Die 50 besten Doppel-Alben aller Zeiten

Bei der Bitte an die Beiträger, empfehlenswerte, bedeutende, ja womöglich verkannte Doppelalben zu nennen, war der erste Gedanke: Wie oft werden „Blonde On Blonde“, das „Weiße Album“ und „The Wall“ genannt? Weil die Kollegen das aber auch bedachten, wurde Dylans Platte von 1966 zwar am häufigsten, doch nur fünfmal vorgeschlagen. Ausdrücklich wollen wir eine individuell gefärbte Übersicht von Alben dieses Formats, das ja jede auch ein Kunstformat ist, geben – und dabei auch entlegenere, nicht kanonisierte Alben berück­sichtigen. Als Ausgangspunkt und Anlass: das 45. Jubiläum von „­Physical ­Graffiti“ von Led Zeppelin, natürlich ein Flaggschiff des Verschwenderischen der früheren Vierseitig­keit auf Vinyl. Nach unserem Regularium gelten solche Veröffentlichungen als Doppel­album, die auf Vinyl – oder später auf CD – als Doppelalbum konzipiert waren; wurde eine Doppel-LP später auf eine einzelne CD gebannt, bleibt es dennoch ein ­Double. Live-­Alben sollten gelten, denn Konzertaufnahmen verlangen geradezu die üppige Form. Nicht zugelassen waren Tripel-, Quadrupel- und noch umfänglichere Platten, die ja eher dem entsprechen, was heute als „Boxset“ geläufig ist, und die auf größere ­Kohärenz (oder Inkohärenz!) aus sind. Das stärkste Vorkommen des Doppel­albums ist in den 70er-Jahren zu verzeichnen, als der Verkauf von Tonträgern olympisch wurde und die Rockmusik immer epischer, verzweigter, einfach größer, manche behaupten: megalo­manischer. Hervorgebracht wurde das Doppelalbum aber in der zweiten Hälfte der 60er-Jahre, als die Ideen und der Anspruch in der populären Musik eine elaboriertere, auch wagemutigere und spielerische Bindung verlangten.

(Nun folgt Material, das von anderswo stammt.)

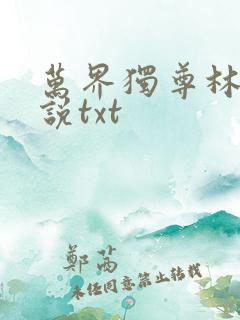 万界独尊林枫小说txt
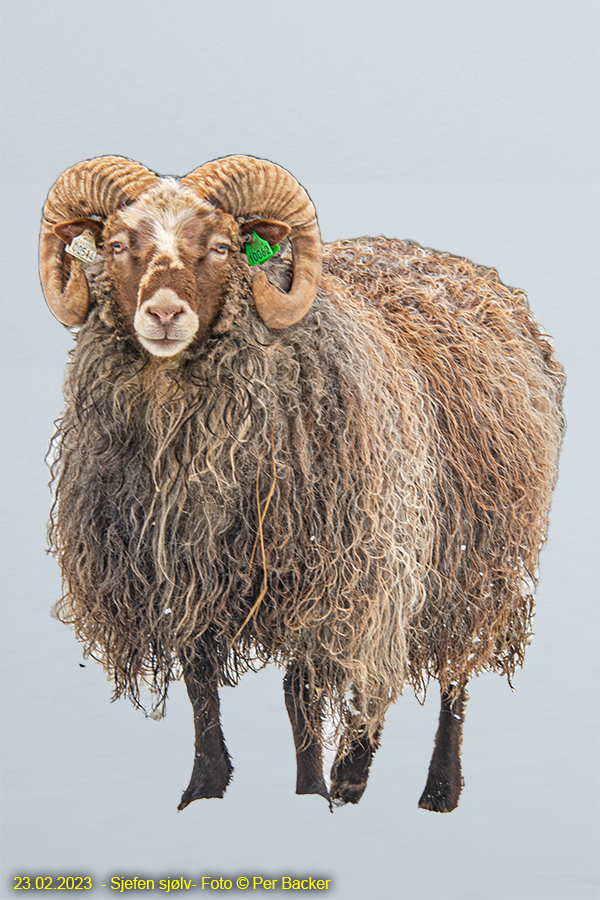 Sjefen sjølv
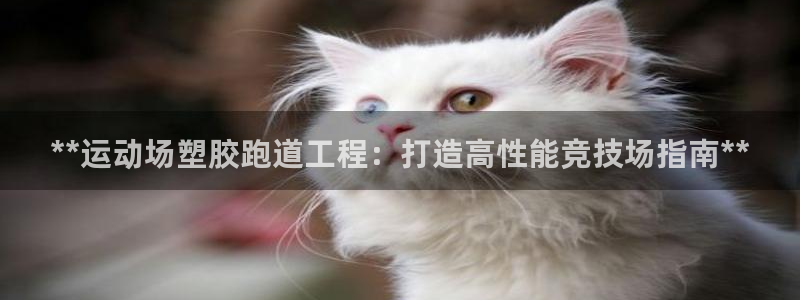 谈球吧体育赛事：**运动场塑胶跑道工程：打造高性能竞技场指南**
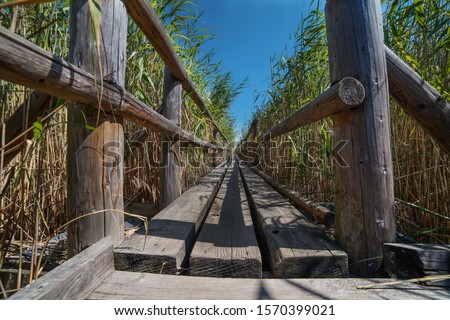 Similar – Image, Stock Photo The wooden footbridge in the Hautes Fagnes meandered through the green grass and disappeared between the trees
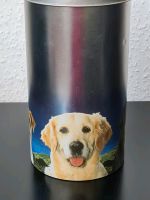 Blechdose "Hund", Leckerli-Dose Sachsen-Anhalt - Eisleben Vorschau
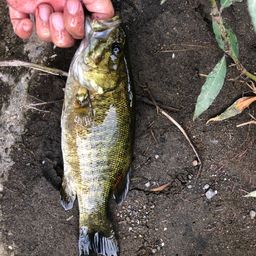 スモールマウスバス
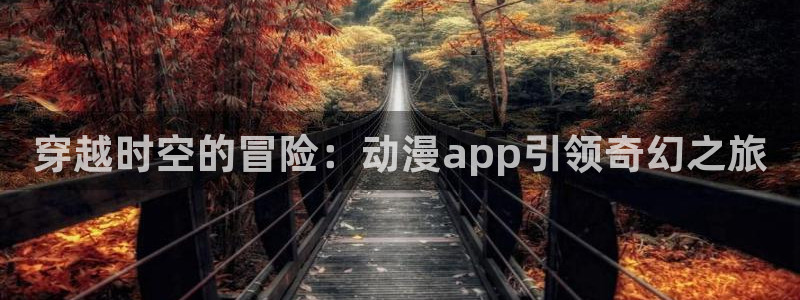 omofun纯净版2024：穿越时空的冒险：动漫app引领奇幻之旅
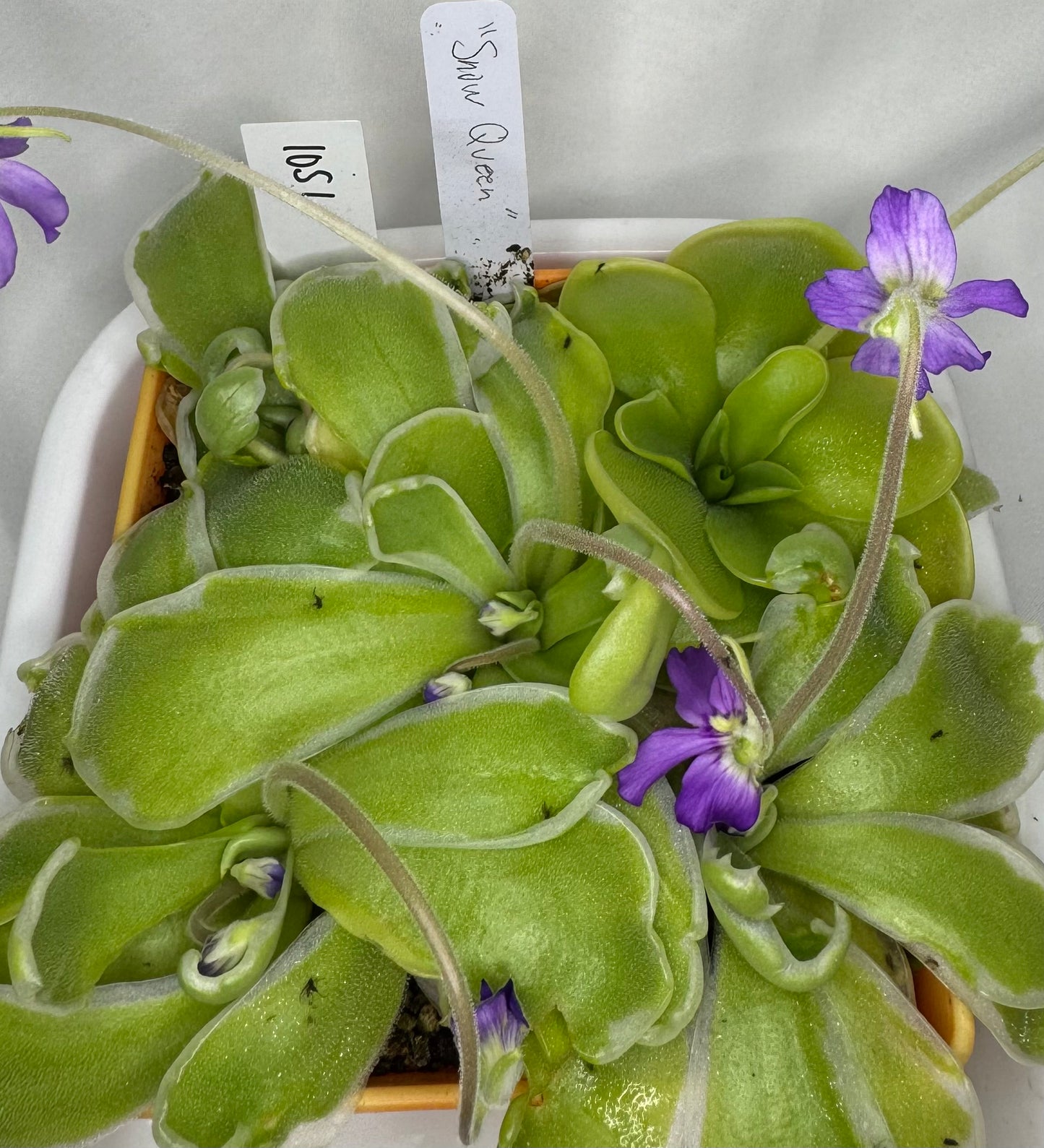 Pinguicula "Snow Queen"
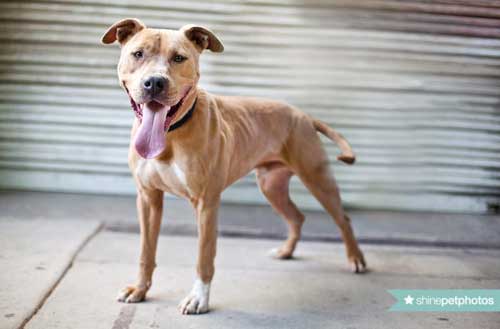 Online charity fundraising idea: Downtown Dog Rescue held a contest to name this nameless dog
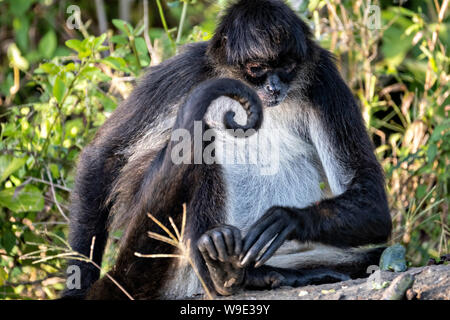 Eine vom Aussterben bedroht Mexikanische spider Monkey auf Monkey Island im See Catemaco, Mexiko. Die Affen überleben auf wilden Kakteen und Handouts von Touristen. Catemaco See in Catemaco, Veracruz, Mexiko. Die tropischen Süßwasser-See in der Mitte der Sierra de los Tuxtlas, ist ein beliebtes Reiseziel und für Freie reichen Affen bekannt, der Regenwald Kulisse und mexikanischen Hexen bekannt als Brujos. Stockfoto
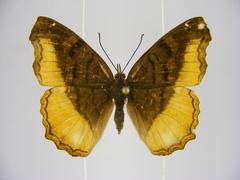 Eurytela dryope angulata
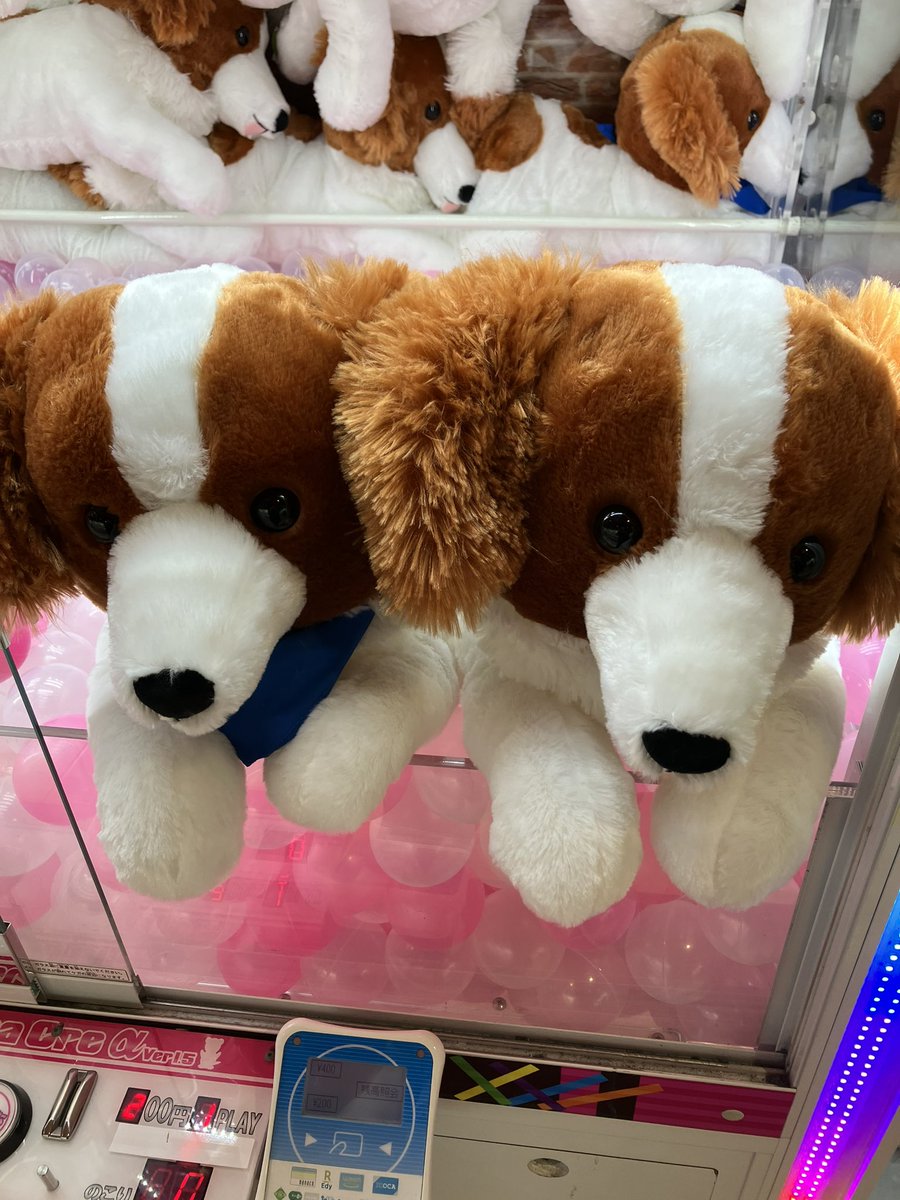 Taito_Hiroshima's tweet image. ✨新景品紹介✨

【コーイケルホンディエのおでこちゃん
　　　　　　　　　　　　ウルトラBIG】

今1番リッチな犬種🐶
🟦スカーフのブルーが世界一🟦

当店1階にてお待ちしております！！

#タイステ　#本通　#タイトーステーション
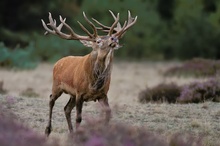 Rothirsch (Cervus elaphus)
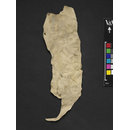 Fragment - The Stein Collection
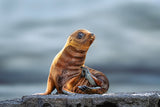 Baby Seal Poster och Canvastavla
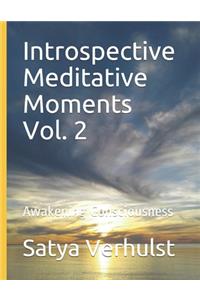 Introspective Meditative Moments Vol. 2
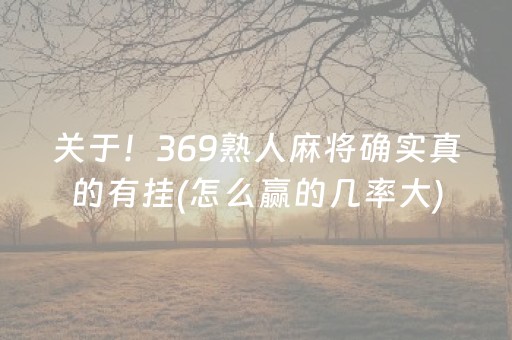 关于！369熟人麻将确实真的有挂(怎么赢的几率大)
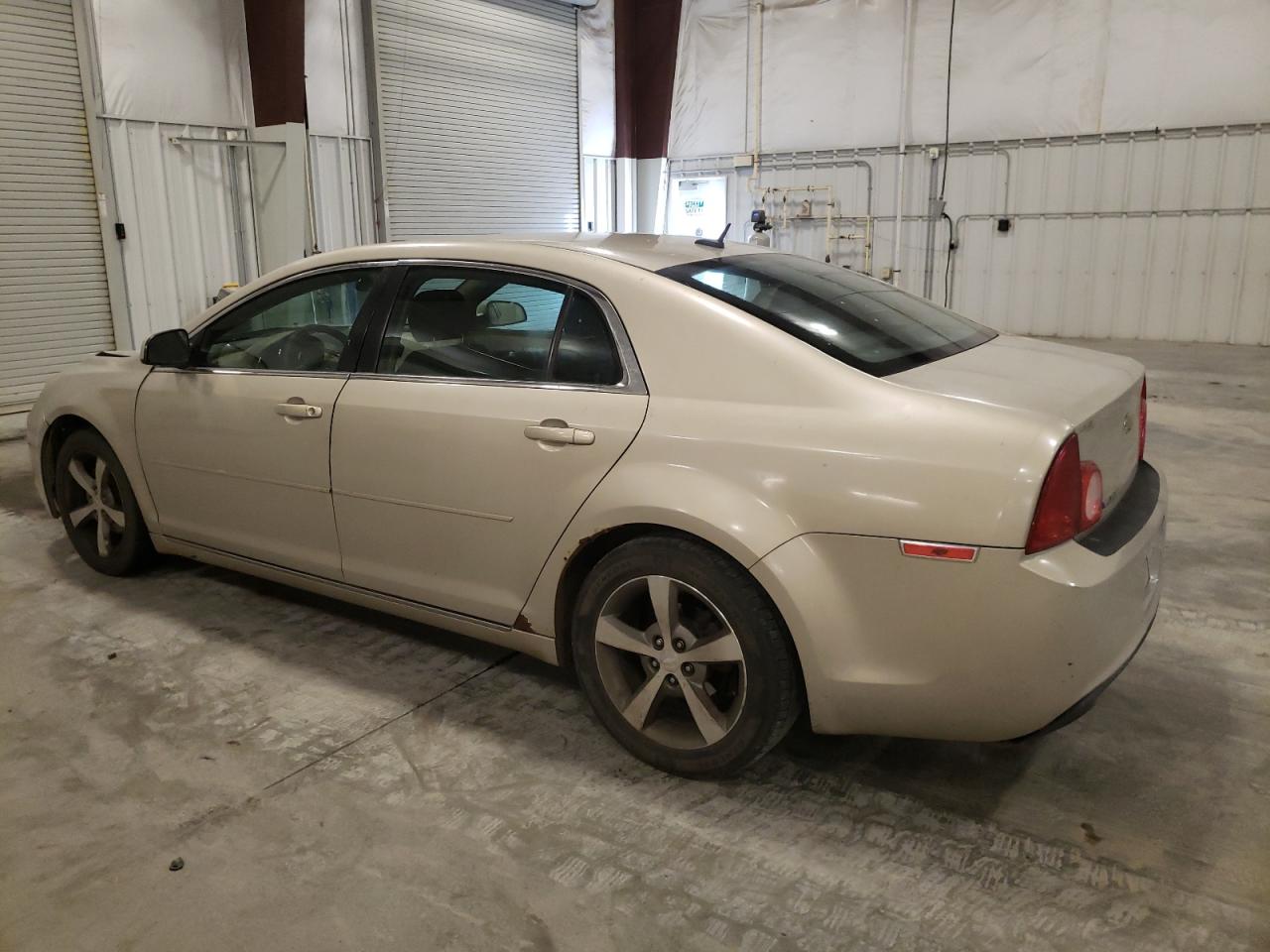 Lot #2943141532 2011 CHEVROLET MALIBU 1LT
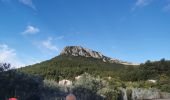 Trail Walking La Farlède - sommet du Coudon en partant de La Farlède - Photo 8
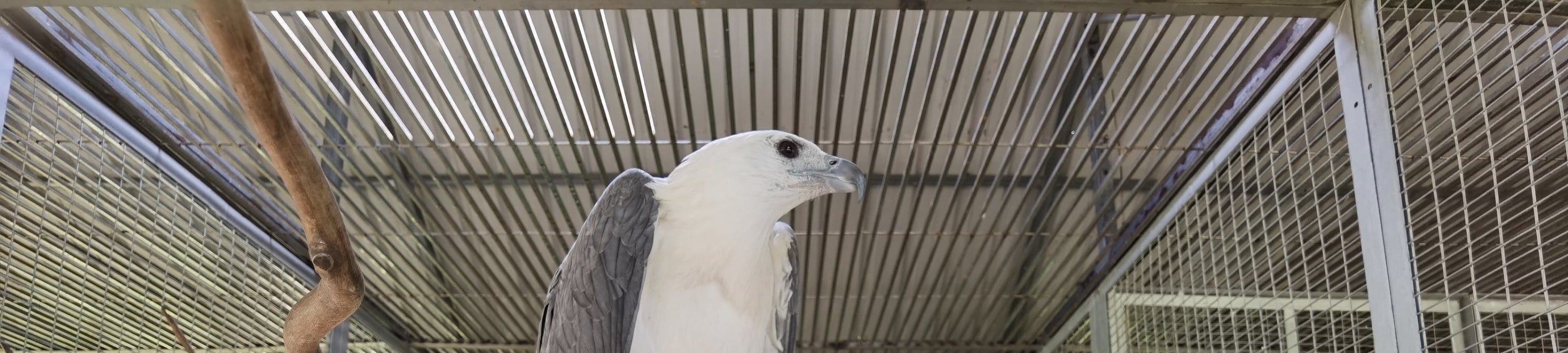 民丹島紅樹林 / 拉戈伊野生動物園 / 沙丘 & 藍湖 / 浮潛一日遊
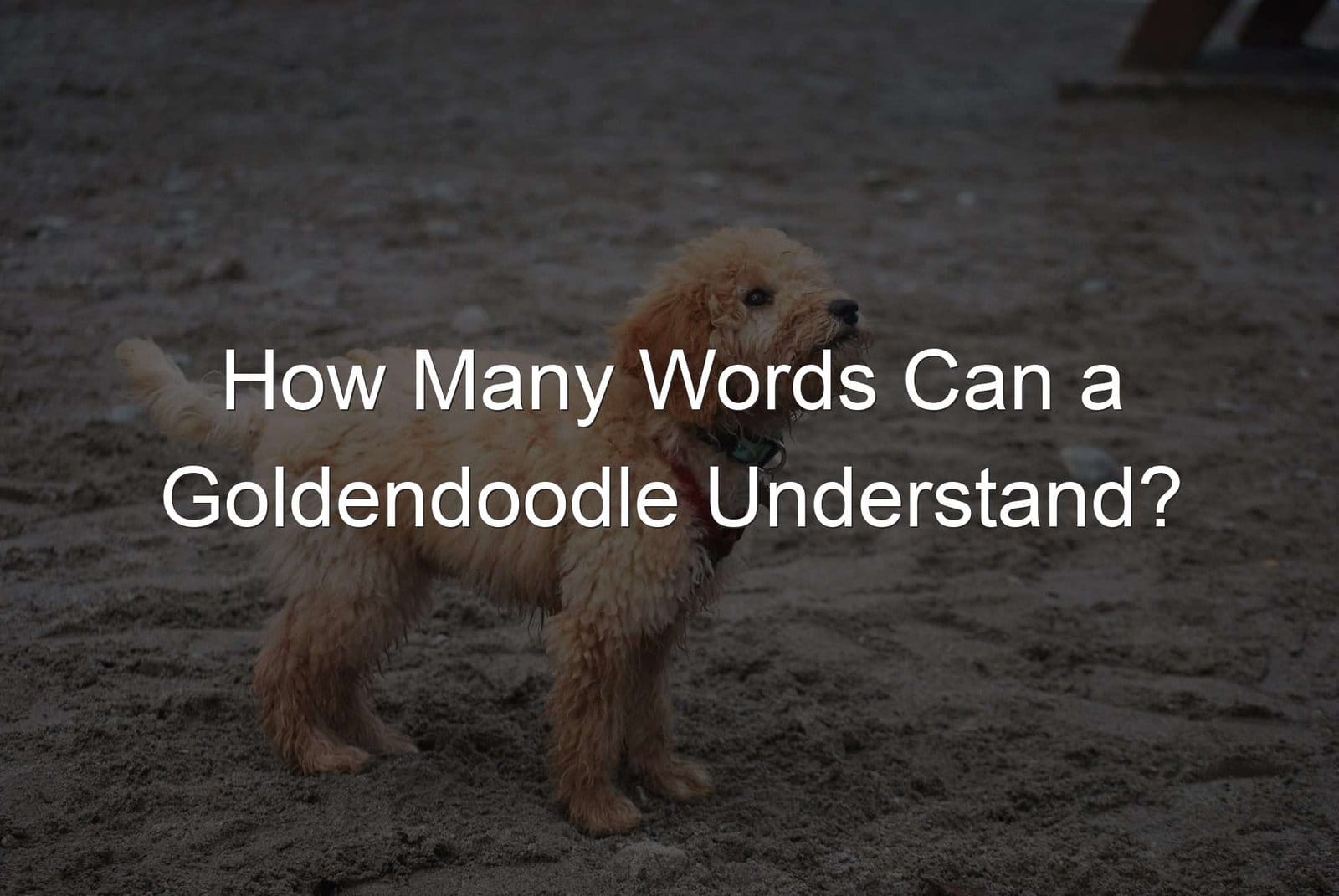 Understand Words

Ausgewählt und getextet von Wolfgang Doebeling, Jörg Feyer, Birgit Fuss, Max Gösche, Jan Jekal, Sassan Niasseri, Ralf Niemczyk, Gunther Reinhardt, Robert Rotifer, Frank Schäfer, Jörn Schlüter, Markus Schneider, Marc Vetter, Naomi Webster-Grundl, Arne Willander, Sebastian Zabel und Jürgen Ziemer.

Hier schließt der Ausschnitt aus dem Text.